Dünyamız rengarenk, masmavi denizleri, yemyeşil doğası, göz alabildiğine uzanan sıra dağlar. Bu güzelliklere nasıl kıyıyorlar, anlamıyorum. Hepimizin evleri vardır. Oturduğumuz evlere neden saldırı yapılıyor? Bizim suçumuz, günahımız ne ? Depremde bile yıkılan binalar savaşlarda yıkılan evlerden daha az. Mallarını, oturdukları evleri, kendileri için, çocuklarının geleceğini düşündükleri için başka memlekete giden inşaat ne kadar zor durumda kalıyor; bunu düşünen kimse yok. Herkes kendini savunuyor. Yapılan yanlışların farkına varılmıyor. Oysa savaşmak isteyen devletler kaybettiklerinin farkına varacak mı acaba ? İlk önce ekonomik yönden çökecekler, sonra savaşa giden askerlerinin çoğu ya şehit, ya gazi, ya da engelli gelecek.
Atılan bombaların, mermilerin, kullanılan tüfeklerin, kısacası savaşta kullanılan malzemelerin çoğu devletin kasasından çıkıyor ve ülke savaşı kazansa da kaybetse de ekonomik açıdan zarar görüyor. Artık neden hem savaşalım hem de barış diyelim. Hiç kimsenin canı yanmadan kardeşçe, arkadaşça, birbirimize yardım ederek, her gün yeni bir güne uyandığımızda kaygı duymadan hiç kimse için üzülmeden yaşayabilecek miyiz? Ben çünkü geleceğim için kaygı duyuyorum. Bu savaşlar ne zaman dinecek, dünya liderleri ne zaman bu işe dur diyecek ? Her gün gazete ve televizyonlarda falanca ülke falanca ülkeye savaş açtı. Neden açtın? Senin toprağın yok mu, senin paran yok mu? Diyelim ki işgal ettiğin ülkeyi ele geçirdin, o ülke hakkında nasıl hak iddia edersin. Çocukların ,annelerin, babaların, orada yaşayan insanların geleceklerini karartmaya hiç kimsenin hakkı olamaz!
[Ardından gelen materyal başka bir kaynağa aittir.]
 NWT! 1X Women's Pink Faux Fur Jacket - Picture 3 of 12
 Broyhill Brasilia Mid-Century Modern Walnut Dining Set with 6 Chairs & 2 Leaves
Ya senden giden askerlerinin annesi, babası, çocuğu yok mu? Biz çocukların isteyebileceği en güzel şey önce ülkemizin, sonra dünyanın içinde rahatça dolaşabileceğimiz bir ömür geçirmek; yani barış, iyi bir gelecek, herkesin huzurla yaşadığı, kimsenin birbiriyle kavgalı olmadığı, herkesin birbiri için iyi dileklerde bulunduğu, içinde yalan olmayan, yıkımlar olmayan, dillerimiz farklı olsa da anlaşabileceğimiz arkadaşlıklar, dostluklar istiyoruz.
Dünya’yı bir okula benzetelim. Okulun iyi müdürü, iyi öğretmenleri olmazsa o okulda çocukların gelecekleri olmaz. Bir ülkeyi de, insanlarını da rahat ettirmek iyi bir liderin işidir. İyi bir lider önce vatanını sonra insanlarını düşünmelidir. Bütün dünya Türkiye Cumhuriyeti’ni kuran Mustafa Kemal Atatürk‘ü çok iyi bilir. Yapılan savaşların kazanılmasında, dünya barışının sağlanmasında, kurduğu Cumhuriyet ile nasıl lider olunacağını bütün dünyaya göstermiştir. Dünyada en iyi huzur barışın getirdiği huzurdur.